--- START ---

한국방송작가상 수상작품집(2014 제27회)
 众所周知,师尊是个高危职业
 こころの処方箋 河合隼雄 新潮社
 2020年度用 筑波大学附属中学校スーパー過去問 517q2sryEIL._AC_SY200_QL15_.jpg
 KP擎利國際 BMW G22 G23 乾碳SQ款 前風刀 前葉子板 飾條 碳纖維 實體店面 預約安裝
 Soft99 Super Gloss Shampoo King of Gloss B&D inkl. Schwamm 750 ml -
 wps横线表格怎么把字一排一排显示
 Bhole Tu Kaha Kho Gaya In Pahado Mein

--- END ---

Restate all of the data above. Match it word for word.

한국방송작가상 수상작품집(2014 제27회)
 众所周知,师尊是个高危职业
 こころの処方箋 河合隼雄 新潮社
 2020年度用 筑波大学附属中学校スーパー過去問 517q2sryEIL._AC_SY200_QL15_.jpg
 KP擎利國際 BMW G22 G23 乾碳SQ款 前風刀 前葉子板 飾條 碳纖維 實體店面 預約安裝
 Soft99 Super Gloss Shampoo King of Gloss B&D inkl. Schwamm 750 ml -
 wps横线表格怎么把字一排一排显示
 Bhole Tu Kaha Kho Gaya In Pahado Mein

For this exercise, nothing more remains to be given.